The debate over music royalties is stuck. Is it time to make the case for ‘completion’?
The music industry has failed to reach consensus on how to transition from the streaming payment model that has prevailed for two decades, despite widespread agreement that the system is due for a remix. A solution that can overcome the common criticisms levied against alternative models is needed to unlock this gridlock.
One such solution, put forward by the economist and author of Pivot, Will Page, is ‘Completion’.
Completion would reward songs that are streamed in their entirety, and punish those that are skipped before they end. The best argument for this approach is not that it overcomes pitfalls of pro-rata, nor that it combats streaming fraud – both of which it does. What makes this proposal sing is that it is practical: the industry can implement it without any of the transitional headaches that other options entail. What’s more, Completion could easily complement further changes, including user- and artist-centric.
Under the pro-rata model, streaming revenues swelled from less than $1 billion in 2012 towards $20 billion by 2023. But agitation is rising. Critics say lighter users subsidise the heavier, and that all streams shouldn’t be worth the same.
Migrating directly to a user- or artist-centric system would bring huge transitional costs. A typical streaming service provider has over 900 contractual agreements, each tied to complex royalty accounting systems for the two main copyrights The best case scenario for successfully renegotiating all of this would be lengthy and expensive; worst case would be audit hell.
Introducing a new system that rewards completion would avoid these costs, because it would expand upon a central mechanism of current royalty accounting: thresholds. Today, for a stream to be compensated, it must surpass two of them. First, it must be played; second, its runtime must exceed 30 seconds.
Implementing a third threshold of a song playing to the end is no more technically complicated than the first two. It’s easy to legally define, removing the risk of auditing disputes. And it fulfils the widespread desire to depart from pro-rata while still allowing more aspirational models to be explored.
The first question to any new proposal is almost always, “Who are the winners, and who are the losers?” This is typically followed by a conclusion that, whatever its merits, the new proposal won’t work because it would create losers. This line of argument is baseless – it neglects the fact that the current system has winners and losers, too, and that even while the system remains constant, those winners and losers change over time.
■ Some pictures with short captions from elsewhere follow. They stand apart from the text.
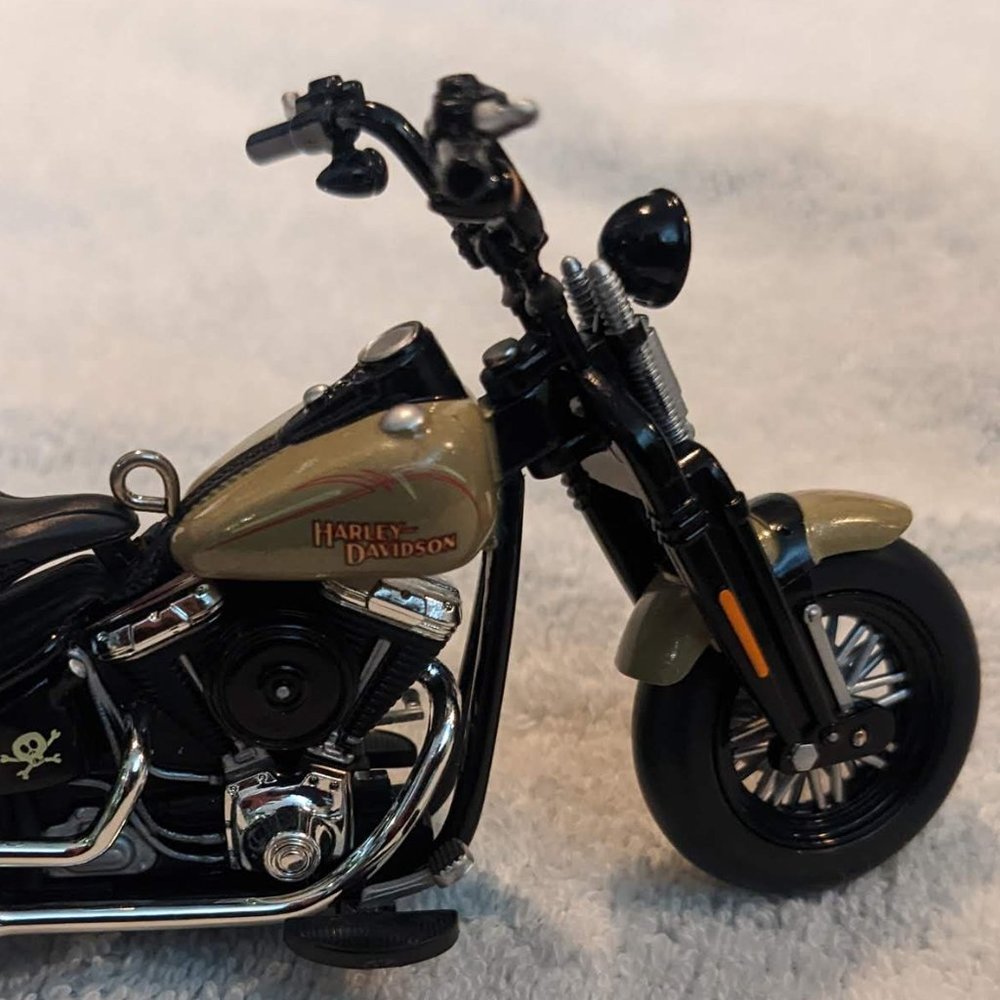 Hallmark Keepsake HD ornament 2009 Softail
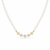 Pearl Diamond Pendant Necklace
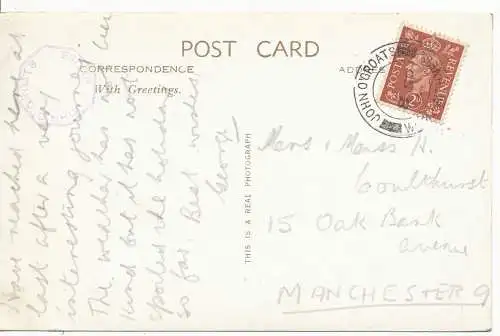 PC15170 Stapel Duncansby. John O. Groats. Abends. Adams. RP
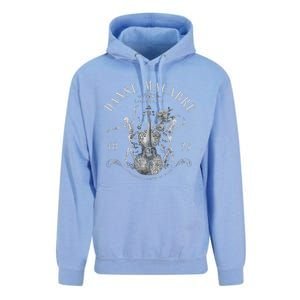 Danse Macabre Orchestra Skeleton Violin Unisex Surf Hoodie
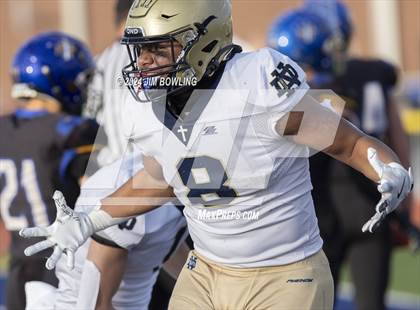 Thumbnail 3 in Maroa-Forsyth vs Quincy Notre Dame (IHSA 2A State Quarterfinal) photogallery.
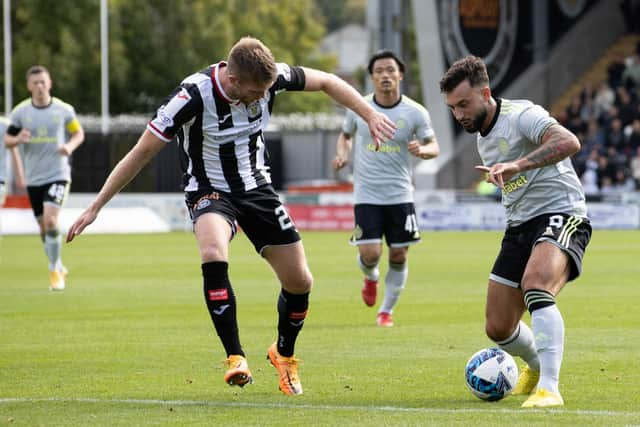 Celtic lost to St Mirren the last time the teams met.  (Photo by Alan Harvey / SNS Group)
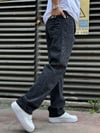 Etnik Desen Baggy Jeans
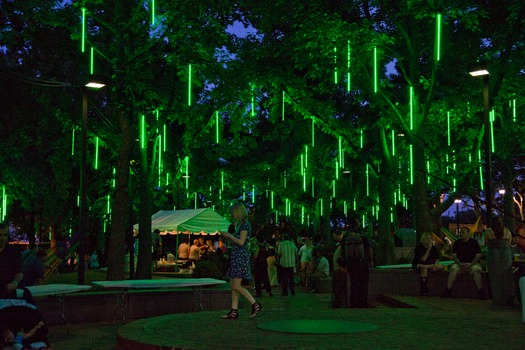 Spruce Street Harbor Park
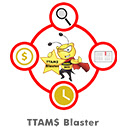 TAMS Blaster  screen for extension Chrome web store in OffiDocs Chromium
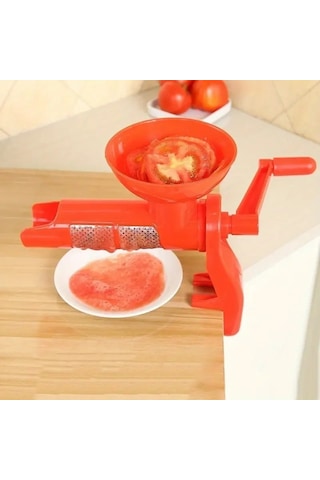 Ev Tipi Salça Makinası - Salça Yapma - Makarna Sosu Yapıcı - Bibe Diğer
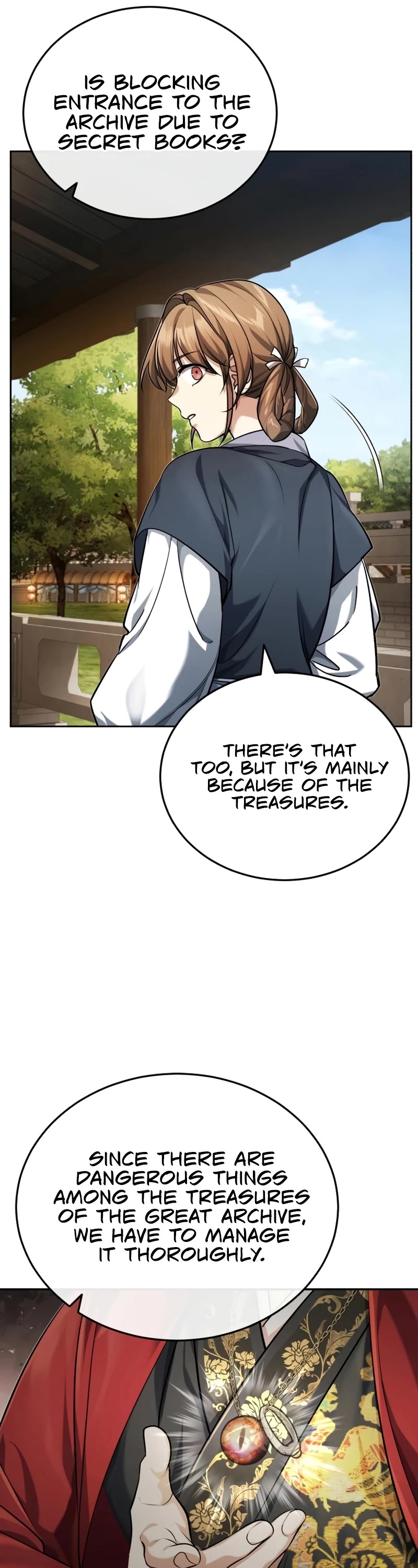 Baek Clan's Terminally Ill Young Master Chapter 22 page 61 - Chapter 22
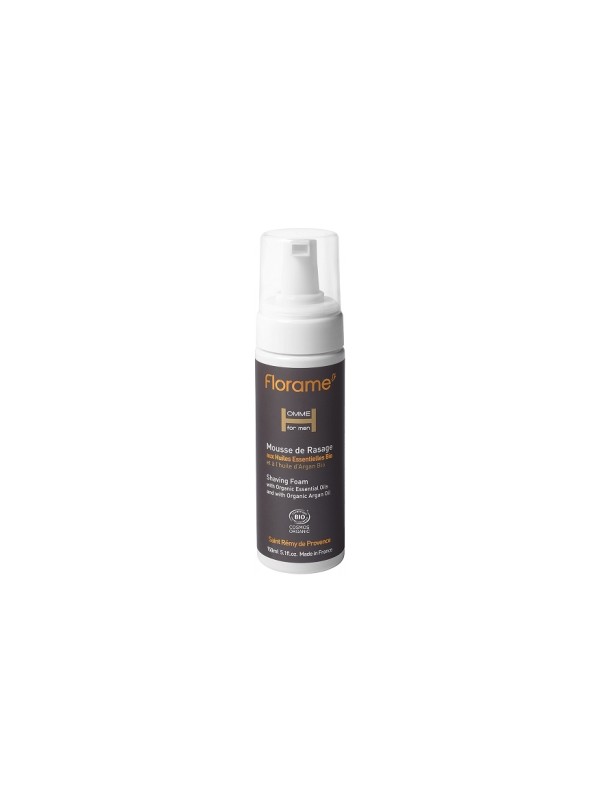 Mousse de rasage 150ml Florame Herboristerie de Paris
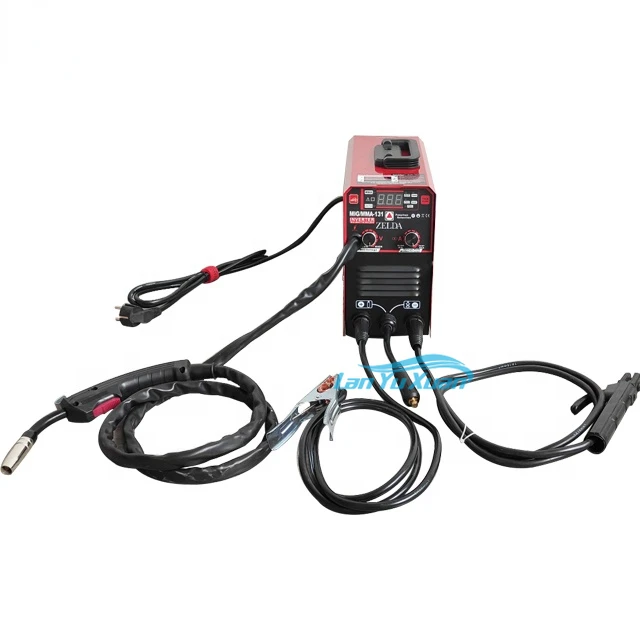 Economic Mig Welder 230V Mig/Mma/Tig 3 In 1 Gaz Alti Kaynak Makinasi Welding Machine 4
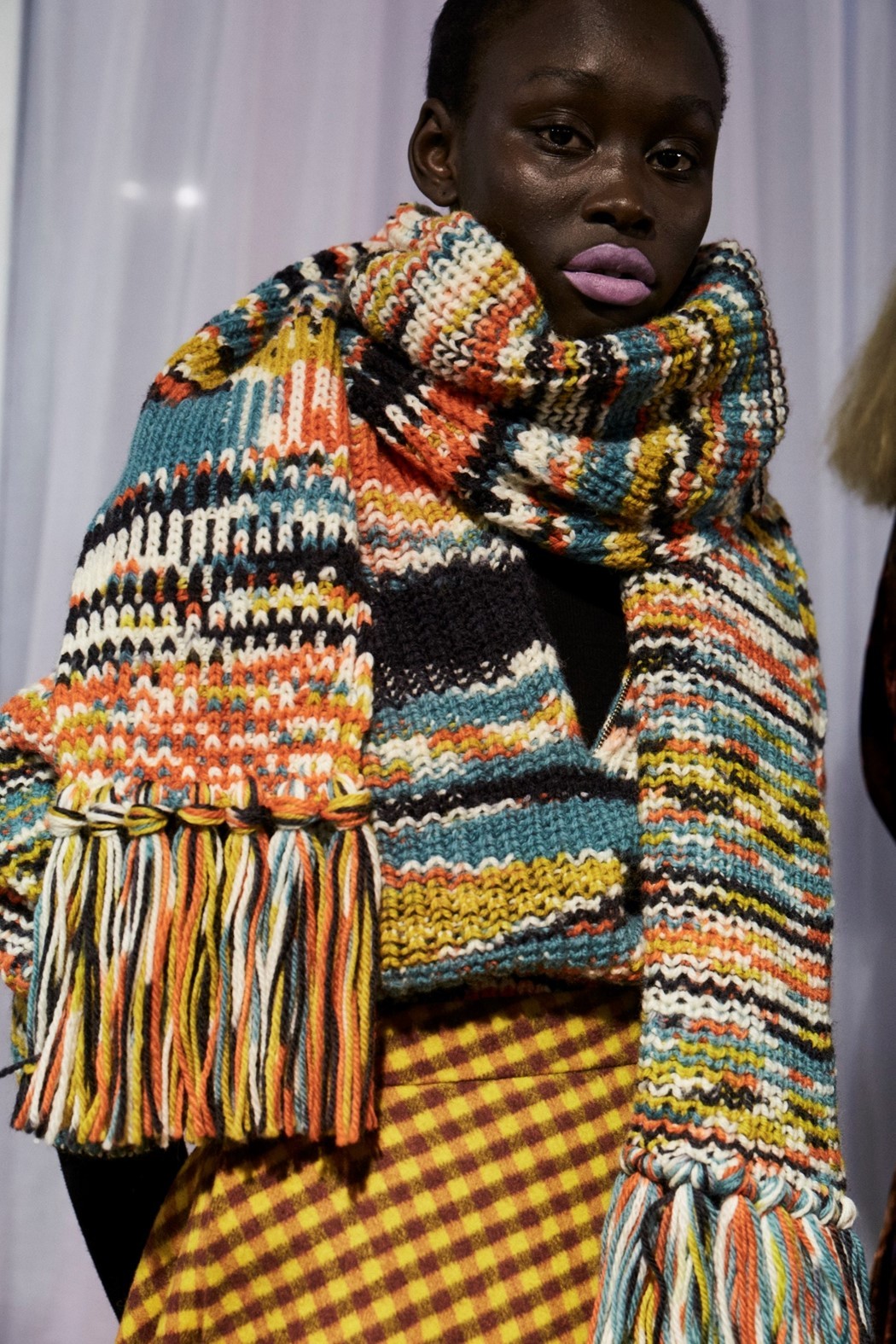 midnight-charm:   Backstage at Beautiful People Fall / Winter 2018   Photography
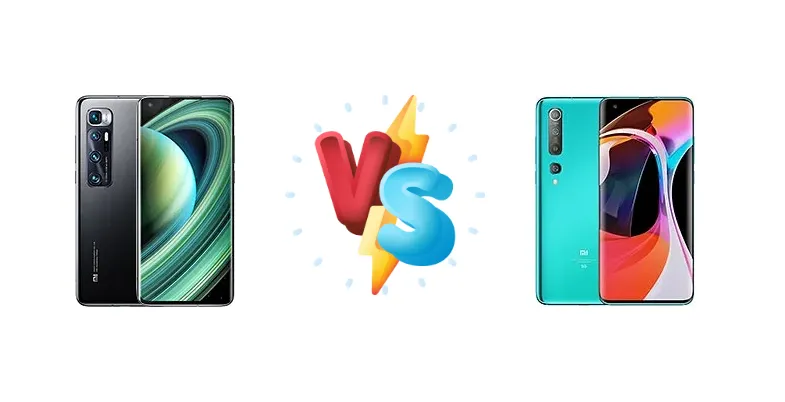 Xiaomi Mi 10 Ultra vs Xiaomi Mi 10 5G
“Rather than focus on winners and losers, better to ask if a proposed intervention would make what is already fair, fairer? I believe this proposal does just that”, says Will Page.
Nevertheless, if the case for Completion is to be seriously considered by an industry that’s proven to be reluctant to change, it is important to be clear on its strengths, weaknesses, and potential unintended consequences. Page takes each of them in turn for an assuringly thorough spin.
The primary strength of Completion, he writes, is its common sense: when a listener skips a song before it ends, they take action that indicates they value that song less than one they play through to the finish. Rewarding songs according to the listener’s valuation of them is a workable definition of fair.
Another benefit of Completion is that it would help to tackle stream fraud, as those pernicious 31-second stream-farms would die overnight.
The main downside is that Completion may unintentionally favour lean-back listening. But if this is how a listener chooses to listen, it’s questionable whether this criticism holds water. Not to mention, this is hardly different from radio. Page offers new data to show that lean-back triumphs in completion rates, but only just.
He cites his mentor David Safir, who asked, ‘For whom are we defining fairness? The label, the platform, or the consumer?“
“If the consumer opts into a contract for lean-back convenience of listening, who are we to disagree? After all, the consumer is rarely wrong,” argues Page
Unintended consequences of Completion include numerical anomaly, where the completion of pop songs lasting two minutes is worth more than the incompleteness of a six-minute song — although modelling suggests this concern would be misplaced.
Using listening-duration data from Echo Nest, and mapping it to a sample of three months’ worth of consumption of the top 15,000 songs on UK streaming services, analysis from Will Page shows that a modest reduction in the effective revenue share of an incomplete stream – from 55% to 40% – would raise the effective revenue share awarded to a completed stream by three percentage points, to 58%.
What doesn’t change is the amount of payment from streaming services to recorded music rightsholders – this remains fixed (see below).
“I offer a model that allows theory to become practice with simple inputs, variables and outputs. You don’t control the skips, but you do control how they are punished and you can observe the impact on the per stream,” says Page
These figures are directional, but they point toward a workable alternative. The absolute effect is rather small since, somewhat surprisingly, only about 10 percent of streams are skipped. Modeling also reassuringly shows that long songs are completed as often as short ones — marathon runners enter marathons and sprinters enter sprints.
We’ve been stuck for too long. Completion is a way forward.
You can read Will Page’s full proposal for Completion in music royalties through here.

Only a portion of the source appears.